После неудавшегося бегства короля Робеспьер становится неутомимым разоблачителем заговоров, которые мерещатся ему повсюду — не только в лагере роялистов, но и среди тех, кто называет себя сторонниками революции. Для Робеспьера «внутренний враг» куда опаснее, чем «враг внешний».
Именно поэтому он станет последовательным противником войны, на которой настаивали жирондисты в расчете распространить революцию на соседние страны. Робеспьер считал все это опасной авантюрой. Во-первых, страна к войне не готова, а высшее командование французской армии не внушает политического доверия; во-вторых, полагал он, нельзя «осчастливить» другие народы, принеся им революцию на штыках. Революции не устраиваются по заказу, они вызревают в недрах общества — таково было глубокое убеждение Робеспьера.

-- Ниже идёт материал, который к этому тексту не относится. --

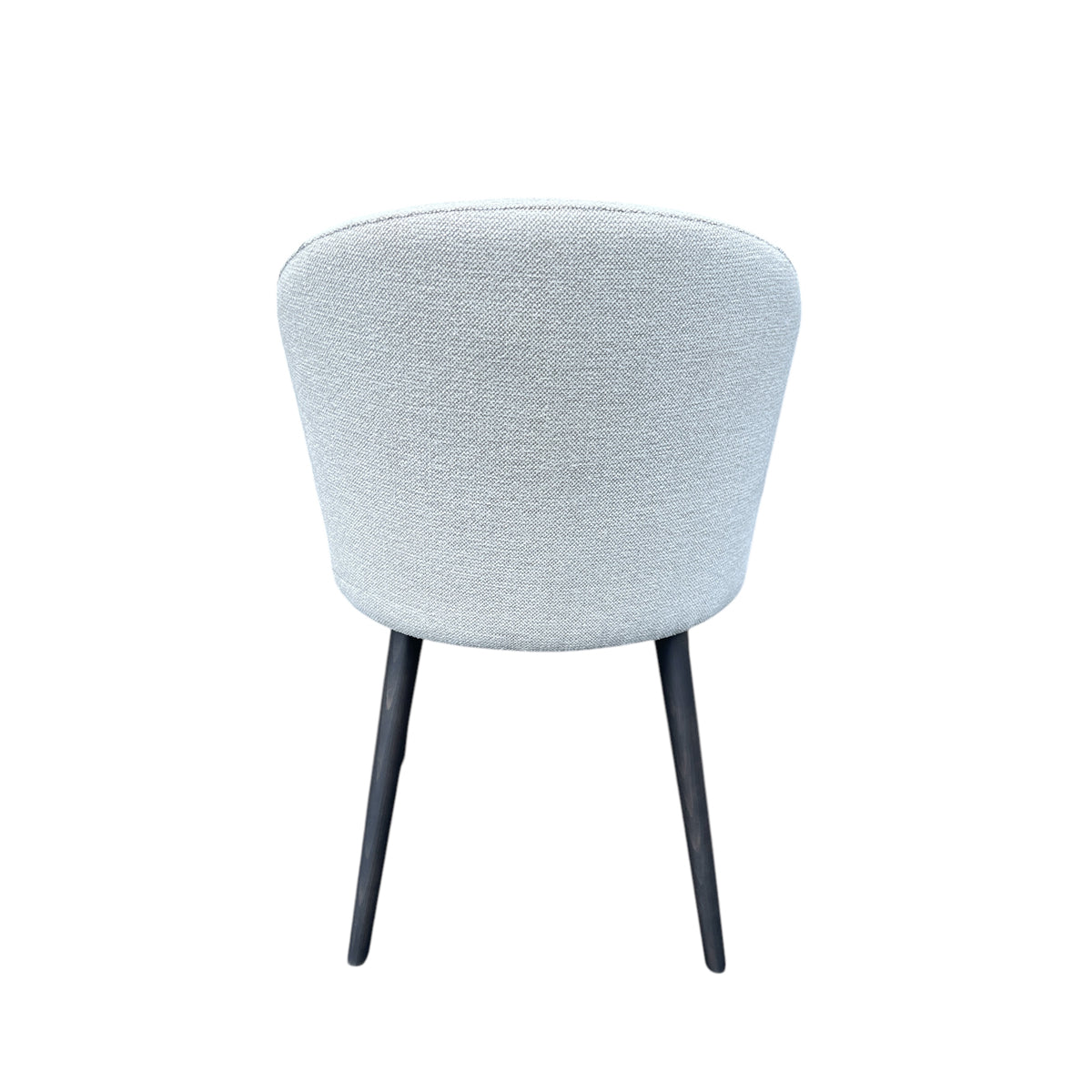 Compact dining chair in linen with a softly rounded back on a birch frame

Одним из скрытых внутренних врагов он считал генерала Лафайета и неоднократно требовал его отстранения с поста командующего Северной армией. Настойчивое желание Робеспьера будет удовлетворено в августе 1792 года, когда Лафайета объявили изменником. Сменившего его на посту командующего армией генерала Дюмурье через год постигла та же участь. Стоило начаться войне, как в Вандее и некоторых других провинциях появились первые очаги крестьянско-роялистских волнений. Казалось, что Робеспьер прав, повсюду видя измену…
Ко всей прочей своей деятельности Робеспьер в сентябре 1791 года — апреле 1792 года был общественным обвинителем в уголовном суде Парижа, что расширило его популярность. Дистанцируясь от властей, выставляя себя чуть ли не единственным защитником простого народа, сам никогда не искавший материальных благ Робеспьер приобрел лестное прозвище Неподкупный.
Каким-то образом Робеспьер не оказался среди участников событий 10 августа 1792 года, когда восставшие парижане захватили Тюильри и положили конец королевской власти. Занявший пост министра юстиции Жорж Дантон, соратник Робеспьера по Якобинскому клубу, предложил Максимильену возглавить Революционный трибунал для суда над теми, кто пытался 10 августа защищать короля (прежде всего оставшихся в живых швейцарских гвардейцев), но Робеспьер отказался. По его мнению, к суду надо было привлечь более широкий круг роялистов и их пособников.
Крайнее напряжение в столице после ареста Людовика XVI и его семьи не спадало. Толпы возбужденных горожан, охваченных слухами об иностранном вторжении и внутреннем заговоре, повсюду искали врагов. Под прикрытием лозунга «Отечество в опасности!» кто-то ловко направил эту народную ярость на беззащитных узников парижских тюрем. Начиная со 2 сентября 1792 года на протяжении шести дней происходило массовое умерщвление несчастных, многие из которых не имели никакого отношения к контрреволюции. Жертвами безжалостной резни стали 1300 заключенных шести парижских тюрем. Поднявшаяся в Париже волна убийств дошла и до других городов Франции, хотя и существенно ослабла — в Версале, Mo, Орлеане и Реймсе было убито 200 человек.
Робеспьеру, всегда имевшему отвлеченно-идеалистическое представление о народе, подобные проявления жестокости были непонятны, и он предпочел не заметить их, дабы не обременять душу опасными сомнениями.
Сразу после событий 10 августа Робеспьер был введен в состав существенно обновленной Парижской коммуны, превратившейся в параллельный Законодательному собранию орган власти, но настроенный более радикально. Откровенное, зачастую грубое давление Коммуны на парламент, который коммунары постоянно шантажировали организацией новых народных восстаний, определило конфликтный характер отношений между этими двумя центрами власти. Впрочем, Законодательное собрание к тому времени уже шло к концу своего недолгого существования.
В связи с фактической ликвидацией в августе 1792 года монархии Франция должна была получить новую, теперь уже республиканскую конституцию. Разработать и принять ее должен был новый законодательный орган — однопалатный Национальный конвент, выборы в который проходили одновременно с «сентябрьскими убийствами», что не могло не отразиться на их итогах.
К середине сентября 1792 года подсчет результатов голосования был завершен. Оказалось, что из 750 избранных в новый парламент депутатов 194 были членами прежнего Законодательного собрания, а 89 ранее входили в Учредительное собрание.
Среди них был и Максимильен Робеспьер. В Париже, откуда он избирался в этот раз, он получил 333 голоса (из 525) — самый высокий результат. Ему удалось обойти даже бывшего мэра Парижа, своего недавнего соратника Жерома Петиона, переметнувшегося к жирондистам. Петион все же сумел избраться в Конвент, но не от столицы, а от департамента Эр-э-Луар. В Конвент от Парижа был избран и младший брат Робеспьера — Огюстен.